__THE RECORDS__:
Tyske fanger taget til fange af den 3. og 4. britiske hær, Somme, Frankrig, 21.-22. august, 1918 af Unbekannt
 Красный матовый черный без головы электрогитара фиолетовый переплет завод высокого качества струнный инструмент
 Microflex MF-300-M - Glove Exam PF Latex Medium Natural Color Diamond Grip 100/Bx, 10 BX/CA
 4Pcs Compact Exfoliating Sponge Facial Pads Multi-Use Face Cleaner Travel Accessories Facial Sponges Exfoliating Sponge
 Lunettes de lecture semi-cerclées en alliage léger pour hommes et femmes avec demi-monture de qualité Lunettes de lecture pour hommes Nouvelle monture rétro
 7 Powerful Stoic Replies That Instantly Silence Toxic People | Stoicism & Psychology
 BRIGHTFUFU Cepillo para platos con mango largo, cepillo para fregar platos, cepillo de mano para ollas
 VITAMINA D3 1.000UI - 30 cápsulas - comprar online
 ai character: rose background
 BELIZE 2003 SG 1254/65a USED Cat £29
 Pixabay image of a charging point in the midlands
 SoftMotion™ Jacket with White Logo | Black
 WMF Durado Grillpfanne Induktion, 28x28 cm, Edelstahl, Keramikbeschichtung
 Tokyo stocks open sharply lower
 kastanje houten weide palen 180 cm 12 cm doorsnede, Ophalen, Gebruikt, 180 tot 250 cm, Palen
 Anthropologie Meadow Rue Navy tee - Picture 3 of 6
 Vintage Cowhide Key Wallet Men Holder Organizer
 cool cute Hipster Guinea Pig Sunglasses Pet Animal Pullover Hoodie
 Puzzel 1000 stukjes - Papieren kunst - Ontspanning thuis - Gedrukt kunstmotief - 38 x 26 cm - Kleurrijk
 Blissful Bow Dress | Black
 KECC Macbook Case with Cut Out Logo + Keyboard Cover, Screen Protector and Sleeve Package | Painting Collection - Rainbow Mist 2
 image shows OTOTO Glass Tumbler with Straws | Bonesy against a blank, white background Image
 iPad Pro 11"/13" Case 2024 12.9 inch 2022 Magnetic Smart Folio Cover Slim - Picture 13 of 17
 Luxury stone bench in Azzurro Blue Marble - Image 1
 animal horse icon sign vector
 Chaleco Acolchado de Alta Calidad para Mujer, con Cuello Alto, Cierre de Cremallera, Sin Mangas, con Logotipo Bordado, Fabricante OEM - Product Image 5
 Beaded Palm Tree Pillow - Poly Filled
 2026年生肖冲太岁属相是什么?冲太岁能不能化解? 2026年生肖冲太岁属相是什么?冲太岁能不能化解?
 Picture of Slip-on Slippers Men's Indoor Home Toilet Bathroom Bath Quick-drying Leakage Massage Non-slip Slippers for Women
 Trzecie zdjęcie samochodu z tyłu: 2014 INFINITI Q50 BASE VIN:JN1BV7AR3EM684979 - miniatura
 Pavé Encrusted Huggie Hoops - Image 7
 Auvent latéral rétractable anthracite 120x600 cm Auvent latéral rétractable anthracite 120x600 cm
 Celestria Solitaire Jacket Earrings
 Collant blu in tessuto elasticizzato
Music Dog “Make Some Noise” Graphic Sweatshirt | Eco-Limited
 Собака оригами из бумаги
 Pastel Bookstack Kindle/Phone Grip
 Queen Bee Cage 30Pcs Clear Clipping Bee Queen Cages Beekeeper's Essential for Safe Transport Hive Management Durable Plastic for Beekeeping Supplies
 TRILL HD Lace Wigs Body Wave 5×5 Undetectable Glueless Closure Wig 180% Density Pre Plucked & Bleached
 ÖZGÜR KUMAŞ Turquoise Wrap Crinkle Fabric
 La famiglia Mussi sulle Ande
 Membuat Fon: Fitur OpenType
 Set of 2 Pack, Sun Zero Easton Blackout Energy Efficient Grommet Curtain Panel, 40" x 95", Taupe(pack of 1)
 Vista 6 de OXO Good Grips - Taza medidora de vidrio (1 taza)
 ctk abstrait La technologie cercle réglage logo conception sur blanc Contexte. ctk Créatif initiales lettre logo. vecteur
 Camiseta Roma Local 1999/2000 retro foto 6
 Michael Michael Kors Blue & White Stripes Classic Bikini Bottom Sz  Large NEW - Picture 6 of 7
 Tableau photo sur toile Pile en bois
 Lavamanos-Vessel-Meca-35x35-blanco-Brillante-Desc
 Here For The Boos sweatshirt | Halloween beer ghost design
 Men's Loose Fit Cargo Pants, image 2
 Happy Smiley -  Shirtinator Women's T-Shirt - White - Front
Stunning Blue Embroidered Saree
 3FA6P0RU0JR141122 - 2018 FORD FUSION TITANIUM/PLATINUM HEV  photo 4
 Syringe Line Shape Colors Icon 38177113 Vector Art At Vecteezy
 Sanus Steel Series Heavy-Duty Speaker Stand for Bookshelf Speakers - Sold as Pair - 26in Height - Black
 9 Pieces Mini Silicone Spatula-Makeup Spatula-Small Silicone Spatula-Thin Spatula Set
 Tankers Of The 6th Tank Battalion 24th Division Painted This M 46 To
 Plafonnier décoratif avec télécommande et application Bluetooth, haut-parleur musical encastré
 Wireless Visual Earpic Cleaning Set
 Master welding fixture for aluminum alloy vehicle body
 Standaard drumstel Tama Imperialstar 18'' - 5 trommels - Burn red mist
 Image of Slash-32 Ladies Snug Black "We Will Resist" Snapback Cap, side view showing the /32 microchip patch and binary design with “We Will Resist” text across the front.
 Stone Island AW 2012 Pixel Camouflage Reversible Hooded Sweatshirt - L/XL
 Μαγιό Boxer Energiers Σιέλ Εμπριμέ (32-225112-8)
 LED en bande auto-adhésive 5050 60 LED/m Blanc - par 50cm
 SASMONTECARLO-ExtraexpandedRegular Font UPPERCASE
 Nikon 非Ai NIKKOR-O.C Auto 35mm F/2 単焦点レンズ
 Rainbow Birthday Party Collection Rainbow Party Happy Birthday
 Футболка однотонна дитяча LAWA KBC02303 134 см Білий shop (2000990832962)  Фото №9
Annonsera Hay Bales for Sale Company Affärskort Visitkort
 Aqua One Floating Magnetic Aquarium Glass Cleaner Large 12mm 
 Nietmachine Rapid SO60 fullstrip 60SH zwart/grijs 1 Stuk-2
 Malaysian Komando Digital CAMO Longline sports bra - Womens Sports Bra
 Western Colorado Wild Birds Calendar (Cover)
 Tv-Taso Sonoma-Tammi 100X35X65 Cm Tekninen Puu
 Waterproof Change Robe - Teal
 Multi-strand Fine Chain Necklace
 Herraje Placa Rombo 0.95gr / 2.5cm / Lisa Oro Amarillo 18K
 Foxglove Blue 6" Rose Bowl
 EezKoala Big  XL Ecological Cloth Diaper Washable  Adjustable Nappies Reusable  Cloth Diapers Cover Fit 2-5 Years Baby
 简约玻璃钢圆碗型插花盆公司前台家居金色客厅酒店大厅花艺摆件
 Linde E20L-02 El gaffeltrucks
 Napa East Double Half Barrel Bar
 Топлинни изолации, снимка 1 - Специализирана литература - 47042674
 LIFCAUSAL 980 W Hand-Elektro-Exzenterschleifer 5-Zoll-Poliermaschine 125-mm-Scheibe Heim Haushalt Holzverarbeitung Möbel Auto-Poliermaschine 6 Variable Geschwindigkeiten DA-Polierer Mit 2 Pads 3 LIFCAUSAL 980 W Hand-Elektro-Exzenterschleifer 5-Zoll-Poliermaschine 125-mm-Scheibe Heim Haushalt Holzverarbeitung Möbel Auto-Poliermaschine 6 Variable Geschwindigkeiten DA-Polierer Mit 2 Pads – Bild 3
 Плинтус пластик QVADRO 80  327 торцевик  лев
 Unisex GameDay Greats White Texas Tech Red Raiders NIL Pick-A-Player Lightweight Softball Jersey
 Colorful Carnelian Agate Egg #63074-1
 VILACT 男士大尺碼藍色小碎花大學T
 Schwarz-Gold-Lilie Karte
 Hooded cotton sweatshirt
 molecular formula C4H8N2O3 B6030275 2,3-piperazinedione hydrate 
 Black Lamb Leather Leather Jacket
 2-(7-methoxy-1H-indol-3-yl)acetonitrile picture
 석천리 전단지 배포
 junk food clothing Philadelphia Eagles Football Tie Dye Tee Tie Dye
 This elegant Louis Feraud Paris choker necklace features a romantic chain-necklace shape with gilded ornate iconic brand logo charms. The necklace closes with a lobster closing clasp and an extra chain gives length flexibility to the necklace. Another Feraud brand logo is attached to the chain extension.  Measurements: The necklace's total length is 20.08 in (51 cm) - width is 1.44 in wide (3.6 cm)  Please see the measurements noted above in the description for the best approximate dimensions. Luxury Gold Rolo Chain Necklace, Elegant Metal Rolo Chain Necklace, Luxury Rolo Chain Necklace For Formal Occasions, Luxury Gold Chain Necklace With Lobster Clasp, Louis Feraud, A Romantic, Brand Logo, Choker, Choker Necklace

__TASK DIRECTIONS__: Determine which lines above include the word "Cleaner", and report those lines in full.

__RESULT__:
 4Pcs Compact Exfoliating Sponge Facial Pads Multi-Use Face Cleaner Travel Accessories Facial Sponges Exfoliating Sponge
 Aqua One Floating Magnetic Aquarium Glass Cleaner Large 12mm 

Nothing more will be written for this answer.